With the advancement in display technology, circuit design, and signal processing, it has become feasible to capture and render three dimensional (3D) videos on consumer platforms. A video is a sequence of scenes and a scene is a sequence of images called frames. Three dimensional videos have been recognized as one of the essential parts of next-generation visual media. Three dimensional videos may be represented using either stereo image recording (hereinafter may be referred to as ‘SIR’) or depth-image-based rendering (hereinafter may be referred to as ‘DIBR’). In SIR, left and right views for the same scene are captured simultaneously using different camera positions. Although the video is of a high quality, there are several drawbacks which limit its applicability in real-time applications. Firstly in SIR, both the cameras should have same parameters such as contrast, height, and brightness. It is very difficult and costly to set both the cameras with same parameters. DIBR, on the other hand, requires one center view and corresponding depth map. Virtual left and right views are generated by mapping the center view with its corresponding depth map to provide three dimensional experiences. In contrast to SIR, it offers several advantages. Firstly, depth degree is adjustable in the DIBR systems which help the viewers to adjust the depth condition they prefer. As the depth map is an 8-bit gray scale image, it requires less storage space and low transmission bandwidth. Further, center view video consists of color frames and can be used independently as two dimensional video i.e. DIBR systems have backward compatibility with the widely used two dimensional systems.
The convergence of networks, devices, and services combined with the technological advancements in digital storage, multimedia compression, and miniaturization of digital cameras has led to an explosive growth of online video content. In addition to the professionally produced video content, user-generated content and content produced by hardcore amateurs are also on the rise. Videos can easily be shared over the Internet using popular video sharing sites such as You Tube® and Yahoo!® Video. Three dimensional videos can be illegally distributed in multiple ways, including, but not limited to, unauthorized distribution of both the center video as well as depth video, unauthorized distribution of center video and unauthorized distribution of either left or right synthesized view. Although the user experience is enhanced with the new means of content production, distribution, and monetization, it has made illegal reproduction and distribution of digital content easier. Piracy of digital media content is increasing day by day and is a major cause of worry for the digital content owners. To protect the authenticity of three dimensional videos, a number of watermarking algorithms have been proposed. Watermarking is the process of embedding a watermark into an object such as a video which can be extracted later on from the suspected files for proving the digital rights.
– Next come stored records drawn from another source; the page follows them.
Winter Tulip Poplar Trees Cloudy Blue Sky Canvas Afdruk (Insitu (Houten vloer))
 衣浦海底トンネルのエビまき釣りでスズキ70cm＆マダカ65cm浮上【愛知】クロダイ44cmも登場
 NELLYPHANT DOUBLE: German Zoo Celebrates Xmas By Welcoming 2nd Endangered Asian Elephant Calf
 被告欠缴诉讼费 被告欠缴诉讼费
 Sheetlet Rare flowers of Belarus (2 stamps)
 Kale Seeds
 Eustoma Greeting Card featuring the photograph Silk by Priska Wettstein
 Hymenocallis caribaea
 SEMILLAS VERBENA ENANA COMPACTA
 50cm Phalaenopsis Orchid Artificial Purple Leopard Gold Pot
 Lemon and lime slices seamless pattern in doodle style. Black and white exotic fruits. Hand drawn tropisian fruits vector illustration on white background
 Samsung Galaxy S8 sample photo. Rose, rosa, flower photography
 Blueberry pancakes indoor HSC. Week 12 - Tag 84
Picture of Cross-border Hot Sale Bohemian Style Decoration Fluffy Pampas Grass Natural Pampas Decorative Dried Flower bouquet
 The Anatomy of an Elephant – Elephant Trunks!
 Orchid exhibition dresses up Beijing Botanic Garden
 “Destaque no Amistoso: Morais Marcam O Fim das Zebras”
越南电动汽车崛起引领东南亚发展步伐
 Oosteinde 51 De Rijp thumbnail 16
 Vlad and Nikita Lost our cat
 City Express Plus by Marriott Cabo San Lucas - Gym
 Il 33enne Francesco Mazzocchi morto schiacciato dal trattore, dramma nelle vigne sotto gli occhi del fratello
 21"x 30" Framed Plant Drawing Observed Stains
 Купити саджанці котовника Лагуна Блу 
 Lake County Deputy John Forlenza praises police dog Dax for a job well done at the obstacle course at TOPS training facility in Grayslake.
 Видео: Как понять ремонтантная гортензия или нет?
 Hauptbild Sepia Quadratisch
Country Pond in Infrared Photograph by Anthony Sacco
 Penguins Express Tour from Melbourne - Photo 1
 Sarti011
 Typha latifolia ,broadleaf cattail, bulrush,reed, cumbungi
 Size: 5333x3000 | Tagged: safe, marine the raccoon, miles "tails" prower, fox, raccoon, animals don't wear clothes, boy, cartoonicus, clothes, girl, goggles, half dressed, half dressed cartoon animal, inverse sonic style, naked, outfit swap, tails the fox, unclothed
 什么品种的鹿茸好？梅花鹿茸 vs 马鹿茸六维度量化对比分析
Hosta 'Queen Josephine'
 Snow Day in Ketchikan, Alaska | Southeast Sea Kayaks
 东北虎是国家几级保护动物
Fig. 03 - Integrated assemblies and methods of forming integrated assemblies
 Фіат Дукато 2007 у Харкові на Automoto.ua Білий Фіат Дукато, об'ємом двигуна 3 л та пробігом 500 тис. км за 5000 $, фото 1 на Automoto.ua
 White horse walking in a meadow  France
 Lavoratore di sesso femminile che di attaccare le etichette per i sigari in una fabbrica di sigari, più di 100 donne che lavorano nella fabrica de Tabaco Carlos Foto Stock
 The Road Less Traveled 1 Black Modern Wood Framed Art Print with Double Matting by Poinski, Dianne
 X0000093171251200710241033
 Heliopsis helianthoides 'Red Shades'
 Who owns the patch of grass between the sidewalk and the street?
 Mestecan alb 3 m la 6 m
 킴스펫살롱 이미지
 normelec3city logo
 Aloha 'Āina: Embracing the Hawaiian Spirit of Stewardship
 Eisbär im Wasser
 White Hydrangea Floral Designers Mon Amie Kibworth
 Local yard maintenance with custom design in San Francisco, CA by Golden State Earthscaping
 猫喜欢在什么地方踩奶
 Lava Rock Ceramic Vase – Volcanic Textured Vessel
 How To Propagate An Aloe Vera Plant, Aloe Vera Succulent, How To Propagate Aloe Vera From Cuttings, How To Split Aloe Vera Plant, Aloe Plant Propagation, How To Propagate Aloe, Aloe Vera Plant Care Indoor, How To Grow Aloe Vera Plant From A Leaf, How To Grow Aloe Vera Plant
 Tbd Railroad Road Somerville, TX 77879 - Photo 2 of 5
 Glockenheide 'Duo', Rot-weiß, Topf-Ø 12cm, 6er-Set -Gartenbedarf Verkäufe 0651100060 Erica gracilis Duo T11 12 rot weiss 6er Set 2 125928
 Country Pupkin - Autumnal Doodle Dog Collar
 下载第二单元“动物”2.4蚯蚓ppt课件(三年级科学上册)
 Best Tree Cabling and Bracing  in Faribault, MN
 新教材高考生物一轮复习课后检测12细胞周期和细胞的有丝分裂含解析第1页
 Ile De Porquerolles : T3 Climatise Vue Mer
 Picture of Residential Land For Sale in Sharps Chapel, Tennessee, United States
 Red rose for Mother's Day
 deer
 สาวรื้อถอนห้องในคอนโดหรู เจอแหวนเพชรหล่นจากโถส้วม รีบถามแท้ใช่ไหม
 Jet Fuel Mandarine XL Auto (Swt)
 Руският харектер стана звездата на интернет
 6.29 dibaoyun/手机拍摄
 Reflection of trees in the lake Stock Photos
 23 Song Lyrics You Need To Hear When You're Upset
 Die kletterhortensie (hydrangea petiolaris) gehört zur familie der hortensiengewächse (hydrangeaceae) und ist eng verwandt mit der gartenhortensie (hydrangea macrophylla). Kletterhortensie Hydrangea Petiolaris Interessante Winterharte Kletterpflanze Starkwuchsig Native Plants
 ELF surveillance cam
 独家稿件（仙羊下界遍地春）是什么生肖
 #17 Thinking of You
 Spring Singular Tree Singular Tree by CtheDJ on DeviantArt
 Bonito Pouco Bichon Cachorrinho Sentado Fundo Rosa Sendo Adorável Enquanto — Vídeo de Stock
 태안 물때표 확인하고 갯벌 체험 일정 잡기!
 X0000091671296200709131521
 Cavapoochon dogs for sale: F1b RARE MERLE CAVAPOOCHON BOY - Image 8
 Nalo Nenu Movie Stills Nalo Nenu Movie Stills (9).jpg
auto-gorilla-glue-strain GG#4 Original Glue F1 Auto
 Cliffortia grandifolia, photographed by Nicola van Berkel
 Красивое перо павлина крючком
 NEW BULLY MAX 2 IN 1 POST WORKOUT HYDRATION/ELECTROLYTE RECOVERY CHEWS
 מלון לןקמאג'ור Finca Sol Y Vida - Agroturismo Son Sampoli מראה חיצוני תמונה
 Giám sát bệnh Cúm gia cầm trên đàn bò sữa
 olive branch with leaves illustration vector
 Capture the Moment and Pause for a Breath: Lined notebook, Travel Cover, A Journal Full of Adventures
To protect the copyright of three dimensional videos, few watermarking techniques have been proposed. Although a number of techniques exist for two dimensional watermarking, the mechanism to create and render two dimensional videos cannot be extrapolated to three dimensional videos since the nature of three dimensional videos differ from that of two dimensional videos. Three dimensional videos have depth-image-based rendering. DIBR videos have center view and depth map which are synthesized to generate left and right views to provide 3D experience. Koz et al. has proposed a watermarking scheme for the copyright protection of SIR three dimensional videos. The method is able to extract the watermark from known and unknown camera positions. Halici and Alatan have proposed a watermarking method for DIBR images. A watermark is embedded in spatial domain with a weighting factor. The method may not be robust against non-linear transformations such as rotation. Algorithms such as Singular Value Decomposition (hereinafter may be referred to as ‘SVD’) have gained importance due to its robustness to withstand attacks relative to algorithms such as Discrete Cosine Transform (hereinafter may be referred to as ‘DCT’) and Discrete Wavelet Transform (hereinafter may be referred to as ‘DWT’). Various methods have been proposed to watermark digital images using SVD. However, the application of SVD in watermarking of videos is difficult. This limitation exists primarily due to temporal nature of videos, presence of special effects in videos, and non-blind nature of SVD based methods.